Do I Need to File Form 673 to Claim Tax Withholding Exemptions?
Learn how Form 673 helps U.S. expatriates reduce tax withholding, the conditions for eligibility, and what to consider when updating your tax status.
Learn how Form 673 helps U.S. expatriates reduce tax withholding, the conditions for eligibility, and what to consider when updating your tax status.
U.S. citizens working abroad may be eligible for tax benefits that reduce or eliminate withholding on their income. By submitting Form 673 to their employer, they can claim an exemption from U.S. federal income tax withholding on certain foreign-earned income and housing costs.
Income that qualifies for exemption under Form 673 includes foreign-earned wages and certain housing-related benefits. Wages must be earned for services performed in a foreign country. Compensation for remote work done from the U.S. does not qualify. Eligible income includes salaries, bonuses, and commissions paid by either a U.S. or foreign employer, as long as the work is conducted outside the U.S.
Employer-provided housing benefits may also be exempt if they meet the criteria for the foreign housing exclusion or deduction under Section 911 of the Internal Revenue Code. This includes reimbursements for rent, utilities, and other reasonable living expenses incurred while residing abroad. Limits on the amount that can be excluded vary by location, with high-cost cities such as Hong Kong or London having higher allowable exclusions.
To qualify for an exemption from U.S. federal income tax withholding, individuals must meet residency and income requirements under the foreign earned income exclusion (FEIE) and foreign housing exclusion provisions. Eligibility is determined by either the bona fide residence test or the physical presence test.
The bona fide residence test requires an individual to be a tax resident of a foreign country for an entire tax year, demonstrating an intention to establish a long-term presence. This is assessed based on factors such as the nature of employment, duration of stay, and ties to the foreign country, including property ownership or local tax obligations.
The physical presence test requires the taxpayer to be in a foreign country for at least 330 full days within any 12-month period. These days do not need to be consecutive, but time spent in the U.S. for vacations or business trips reduces the total count. This test benefits individuals on temporary overseas assignments who may not establish permanent residency but still qualify based on extended stays abroad.

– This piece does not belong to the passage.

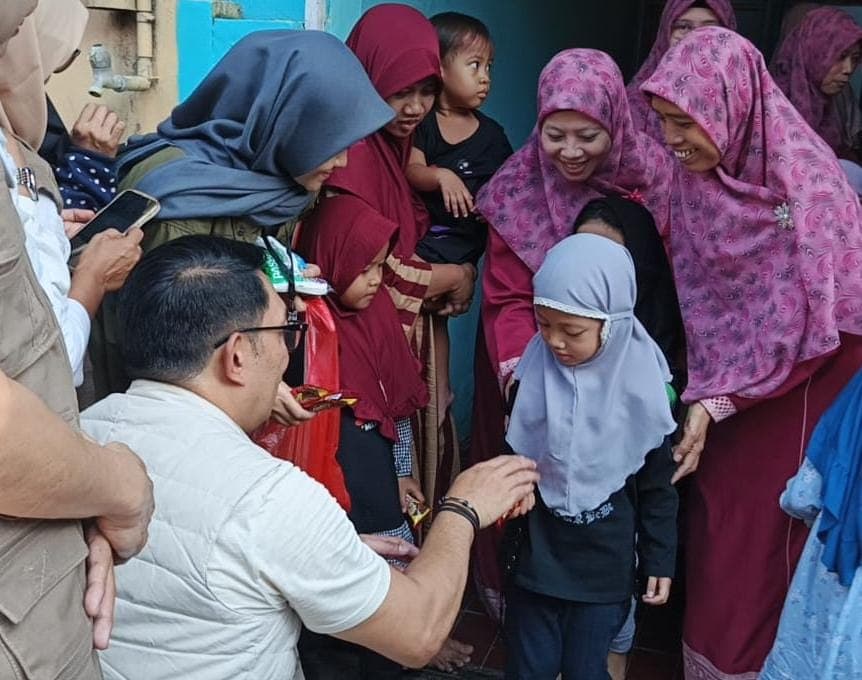 Bagi-Bagi Coklat ke Warga Saat Blusukan di Pancoran, Ridwan Kamil: Gampang Bikin Kenyang
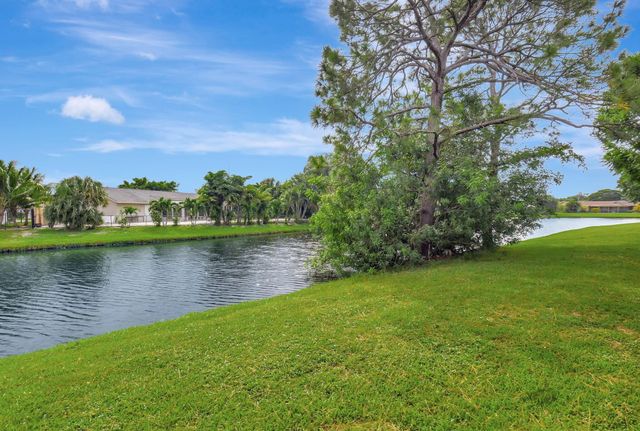 22 Via De Casas Sur 101, Boynton Beach, FL 33426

Form 673 requires detailed information to ensure the withholding exemption is applied correctly. It begins with the taxpayer’s name, Social Security number, and foreign address. Employers use this section to verify the individual’s overseas work status, so accuracy is important. Errors could lead to delays or unnecessary withholding.
The form also requires an estimate of foreign-earned income that qualifies for exemption. The IRS adjusts the foreign earned income exclusion limit annually for inflation. For 2024, the limit is $126,500. This figure should reflect only income expected to be earned while meeting the residency or presence requirements. Overestimating could result in underpayment penalties, while underreporting may lead to excessive withholding.
If claiming the foreign housing exclusion, the form requires an estimate of qualifying housing expenses. These amounts vary based on location-specific limits published annually by the IRS. Taxpayers in designated high-cost areas should ensure their estimates align with the latest permissible thresholds. Keeping records of lease agreements and utility bills can help substantiate claims if the IRS requests verification.
Changes in employment, residency, or tax laws can affect the validity of a withholding exemption claimed through Form 673. A taxpayer who initially qualifies based on foreign residency or physical presence might lose eligibility due to an early return to the U.S. or a change in work location.
Employers are not responsible for monitoring individual tax circumstances, so any changes must be reported promptly. If a taxpayer realizes mid-year that they will not meet the minimum time requirements abroad, they should notify payroll departments to resume withholding. Failure to do so could lead to tax underpayment issues, with potential penalties and interest. Taxpayers can mitigate this by making estimated tax payments using Form 1040-ES to cover any shortfall before filing their annual return.
Failing to submit Form 673 when eligible can lead to unnecessary tax withholding, reducing take-home pay. Without this form, employers must withhold U.S. federal income tax as if the employee were working domestically, even if the income qualifies for exclusion under the Foreign Earned Income Exclusion (FEIE) or the Foreign Housing Exclusion.
While excess withholding can be reclaimed when filing an annual tax return, this delays access to funds that could be used for living expenses or investments. Additionally, if an individual does not file Form 673 and later fails to properly claim the FEIE on their tax return, they may lose the ability to exclude that income for the given tax year. The IRS generally does not allow retroactive claims of the exclusion without a valid reason, meaning a missed opportunity to submit Form 673 could result in a higher overall tax liability.